Random variable $X$ has exponential distribution with parameter $\lambda>0$. Let $T=\lfloor X\rfloor $, $R=\{X\}$ where $\lfloor x\rfloor$ is floor from number $x\in\mathbb{R}$ and $\{x\}$ is it's fraction part. What is the distribution and expected value of $T$ and $R$?
I tried doing that the following way:
$$\mathbb{P}(T=k)=\mathbb{P}(X\in[k,k+1))=\int_k^{k+1}\lambda e^{-\lambda x}=-e^{-\lambda x}\Big|_k^{k+1}=\frac{e^{\lambda}-1}{e^{\lambda +k}}$$ so $$\mathbb{E}T=\sum_{k=0}^{\infty}\frac{k(e^{\lambda}-1)}{e^{\lambda +k}}=\frac{e^{\lambda}-1}{e^{\lambda}}\sum_{k=0}^{\infty}\frac{k}{e^{\lambda k}}=\frac{e^{\lambda}-1}{e^{\lambda}}\frac{e^{\lambda}}{(e^{\lambda}-1)^2}$$
I took the last equality from Wolfram, yet I'm unsure of it's origins. Where does it come from? Secondly, I'm clueless about $R$ distribution. Could you help?

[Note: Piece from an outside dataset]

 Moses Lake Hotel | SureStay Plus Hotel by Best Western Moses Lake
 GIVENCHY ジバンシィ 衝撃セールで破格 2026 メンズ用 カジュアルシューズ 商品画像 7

Since the pdf of $X$ is $\lambda e^{-\lambda x}\mathbb{1}_{x\geq 0}$ we have: $$\forall m\in\mathbb{N},\quad\mathbb{P}[\lfloor X\rfloor\leq m]=\int_{0}^{m+1}\lambda e^{-\lambda x}\,dx = 1-e^{-\lambda(m+1)}$$ hence the pdf of $\lfloor X \rfloor$ is $(e^{\lambda}-1)e^{-\lambda(m+1)}\mathbb{1}_{m\in\mathbb{N}}$ and: $$\mathbb{E}[\lfloor X\rfloor]=(e^{\lambda}-1)\sum_{m=0}^{+\infty} m e^{-\lambda(m+1)}=\frac{1}{e^\lambda-1}$$ since for any $-1<y<1$: $$\sum_{m=0}^{+\infty} m y^m = y\cdot\frac{d}{dy}\sum_{m=1}^{+\infty}y^m=\frac{y}{(1-y)^2}.$$ For the second part, we have: $$\forall t\in(0,1),\qquad \mathbb{P}[\{X\}\leq t]=\sum_{n\in\mathbb{N}}\int_{n}^{n+t}\lambda e^{-\lambda x}dx = (1-e^{-\lambda t})\sum_{n\in\mathbb{N}}e^{-\lambda n}=\frac{1-e^{-\lambda t}}{1-e^{-\lambda}}$$ hence the pdf of $\{X\}$ is $\frac{\lambda}{1-e^{-\lambda}}e^{-\lambda x}\mathbb{1}_{x\in(0,1)}$. By the linearity of $\mathbb{E}$, $$\mathbb{E}[\{X\}]=\mathbb{E}[X]-\mathbb{E}[\lfloor X\rfloor] = \frac{1}{\lambda}-\frac{1}{e^{\lambda}-1}.$$